Der Vorstandsvorsitzende von Nvidia Corp. erklärt, dass der Verkauf der leistungsstarken H200-KI-Chips in China bis zu einer Entscheidung der chinesischen Behörden weiterhin ausgesetzt bleibt.
CEO Jensen Huang sagte am Donnerstag in Taipeh gegenüber Reportern, dass Nvidia zwar Fortschritte bei der Erlangung einer Lizenz erzielt und sowohl mit Kunden als auch mit Regierungsbeamten in China in Kontakt getreten sei, Peking die Einfuhr der H200-Chips jedoch noch nicht formell genehmigt und daher noch keine Bestellungen von chinesischen Kunden eingegangen seien.
„Wir hoffen, dass die chinesische Regierung Nvidia den Verkauf der H200 erlauben wird und freuen uns auf eine positive Entscheidung“, sagte Huang und fügte hinzu, dass das Lizenzierungsverfahren derzeit abgeschlossen werde.
Jensen Huang erklärte, dass Nvidia noch keine Bestellungen chinesischer Käufer für den H200-Chip erhalten habe. Grund dafür sei, dass China noch prüfe, ob der Import des H200 zugelassen werden solle.
Die Prüfung dauert zwar seine Zeit, doch das Interesse chinesischer Unternehmen ist weiterhin groß. Er erklärte, die Angelegenheit liege vollständig in der chinesischen Hauptstadt , und man warte das endgültige Urteil ab, bevor man weitere Schritte unternehmen könne.
In einem Interview mit Journalisten in Taipeh erklärte Huang, er hoffe, Peking werde dem Unternehmen den Verkauf seines H200-Chips auf dem chinesischen Markt wieder gestatten. Er fügte jedoch hinzu, der Zeitpunkt der Entscheidung liege außerhalb seines Einflussbereichs.
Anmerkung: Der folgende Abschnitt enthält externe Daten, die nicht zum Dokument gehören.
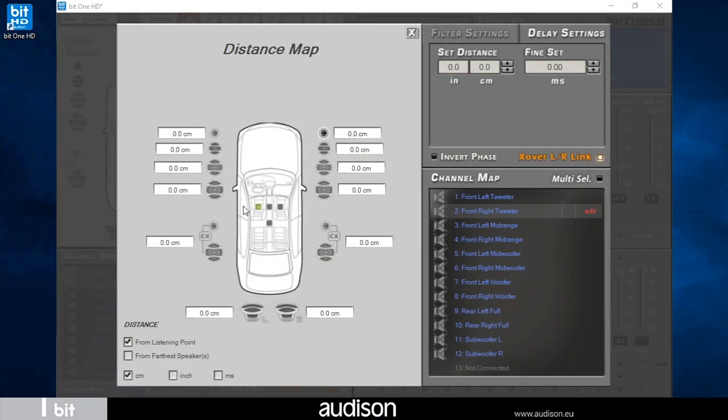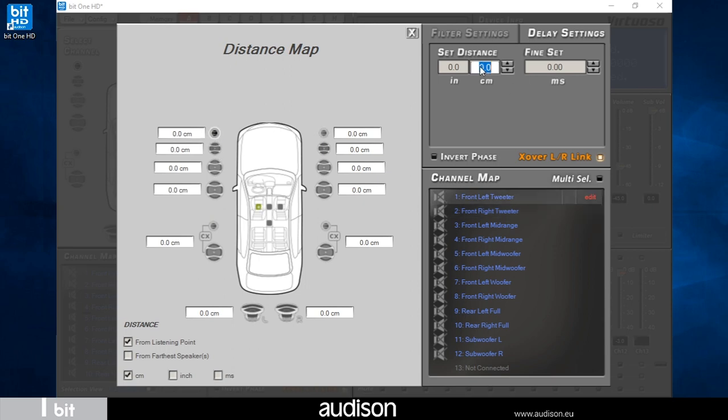Activating the delay setting tab I can set the time delays for each individual speaker by calculating the distance from the listening point as shown in the example.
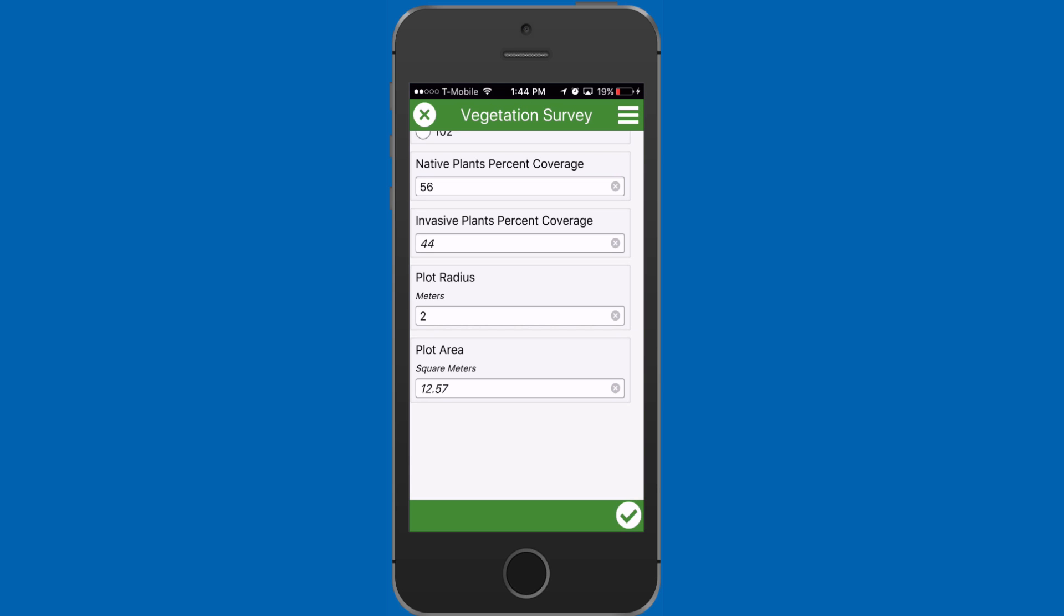Those calculations can simply be done with calculation functions in Survey123 for ArcGIS. Next, I'll show you the steps to perform your own calculations in the XLS form.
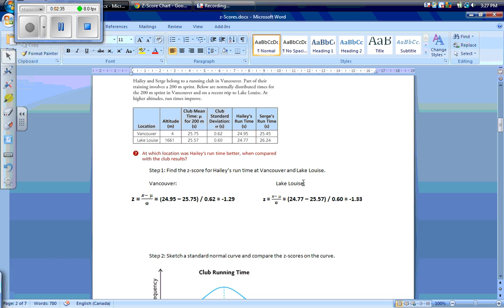At Lake Louise, z is equal to x minus mu divided by sigma, which is equal to our data entry of 24.77 — Hayley's run time at Lake Louise — minus our mean at Lake Louise of 25.57, divided by our standard deviation of 0.60. We get our z-score to be negative 1.33.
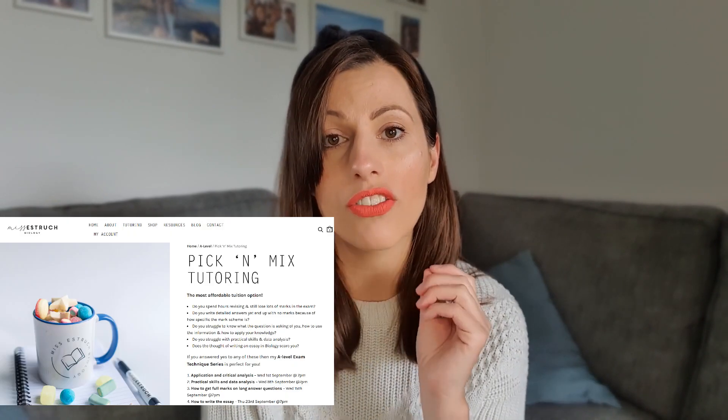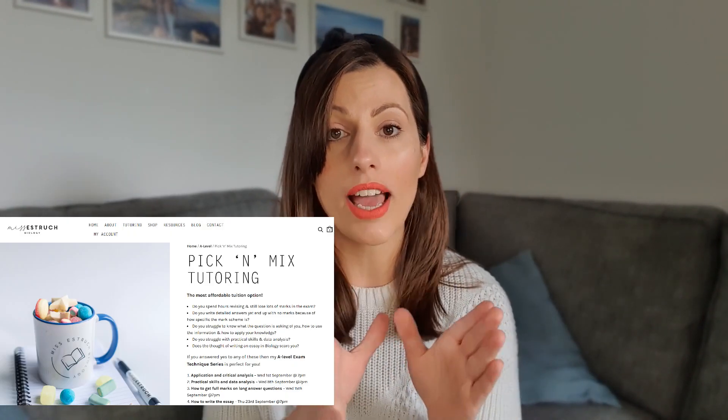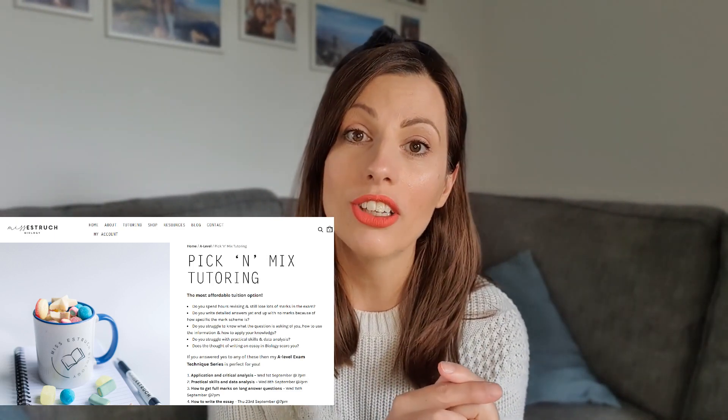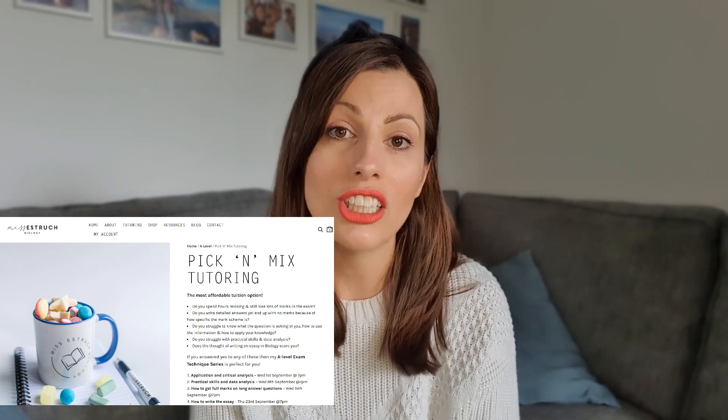In this series I'm going to cover how to improve your application, practical skills, data analysis, long answer questions, essay writing, and the final lesson will be a complete exam walk-through. If you're looking for even more help, go to missdrick.co.uk, check out the Pick-a-Mix tutoring and sign up. There are only 15 spaces and some are already gone, so you'll have to move fast.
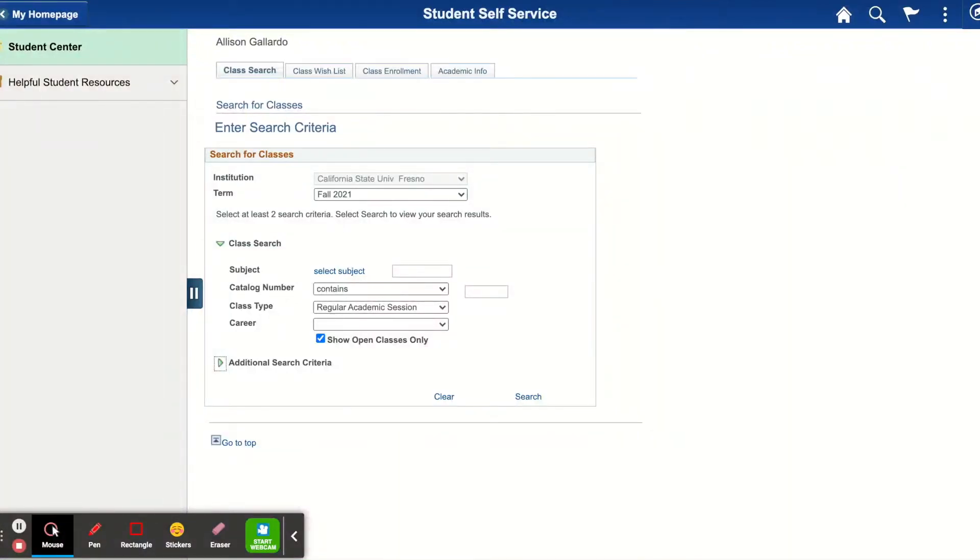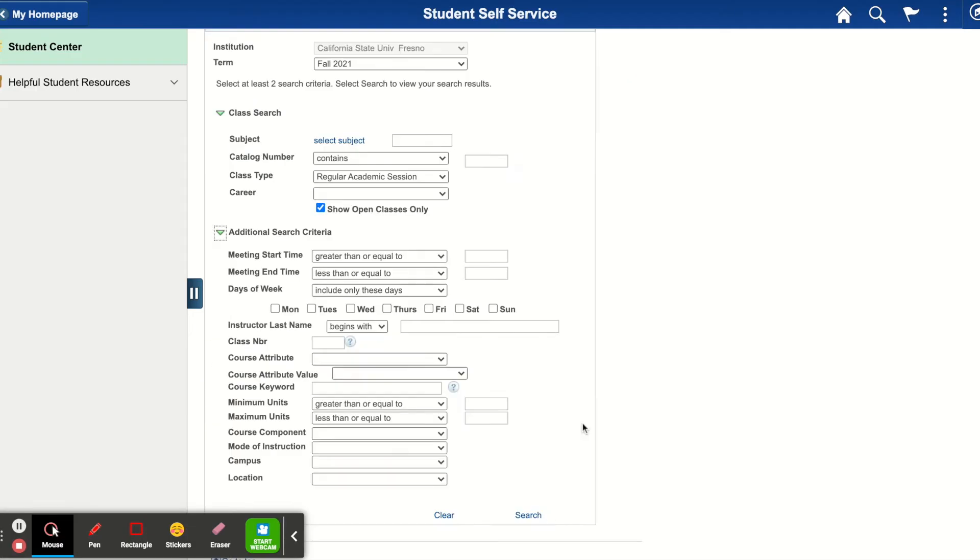Hello everyone, Allison here and I'm going to show you how to use the additional search criteria. You will first begin by clicking the second green arrow for additional search criteria.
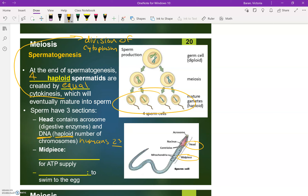We have a mid piece, and this actually has a lot of mitochondria. Remember, mitochondria is the powerhouse of the cell, and that will supply ATP energy. This will help the sperm cell move with its flagella — that's the tail, a whip-like structure that will help the sperm cell swim to the egg cell.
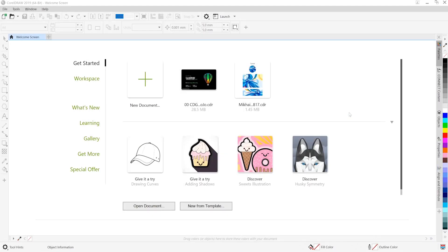Hello and welcome to this CorelDRAW Graphics Suite 2019 tutorial. This tutorial explores pixel-perfect workflows not dissimilar to what you might find in Illustrator.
Das Unternehmen könne nur abwarten, sei aber bereit, nach der Entscheidung umgehend zu handeln.
Huang reiste nach China und traf sich mit Kunden und Regierungsvertretern des Unternehmens, um über Nvidias Produkte und die Marktlage zu sprechen. Bislang liegen jedoch keine Berichte über Bestellungen aus China vor, was darauf hindeutet, dass die Verhandlungen noch nicht abgeschlossen sind.
Huang berichtete von guten Neuigkeiten: Beamte der chinesischen Regierung hätten führende Technologieunternehmen wie Alibaba im Geheimen aufgefordert, sich auf den Empfang der H200-Chips vorzubereiten. Diese Aussage deutet darauf hin, dass die Behörden den Import der Chips genehmigen könnten, Nvidia hat jedoch noch keine offizielle Bestätigung erhalten.
Huang erklärte, der H200 gehöre einer älteren Generation von KI-Prozessoren an und die US-Regierung habe zwar zugestimmt, den Verkauf nach China zu erlauben, werde aber für neuere, fortschrittlichere Modelle strengere Kontrollen einführen. Er fügte hinzu, die USA bearbeiteten die Exportlizenz noch, weshalb Nvidia sich gedulden müsse.
Laut dem CEO sind Unternehmen in China sehr an den H200-Chips interessiert, weil sie wissen, dass die Chips die Rechenleistung liefern können, die sie benötigen, um ihre KI-Operationen zu verbessern.
Huang merkte an, dass das Interesse am H200-Chip ihn zu einem sehr wichtigen Produkt für Nvidia mache, da das Unternehmen bestrebt sei, seine Position auf dem chinesischen Markt, der nach wie vor der größte Halbleitermarkt .
Nvidia verlor aufgrund von US-Sanktionen, die den Export seiner Premium-KI-Chips nach China verhinderten, deutlich an Marktanteilen. Das Unternehmen versucht nun, diese Verluste wieder wettzumachen, und der CEO erklärte sogar, die Beschränkungen hätten keinen Einfluss auf die Standards für die Entwicklung und den Betrieb von KI-Modellen.
Huang kam zu dem Schluss, dass die Nachfrage nach KI-Chips weltweit wächst und daher die Produktionskapazitäten erhöht werden müssen. Er sagte, Nvidias größter Fertigungspartner, Taiwan Semiconductor Manufacturing Co., müsse seine Produktion im Laufe des nächsten Jahrzehnts steigern, um die wachsende Nachfrage zu decken.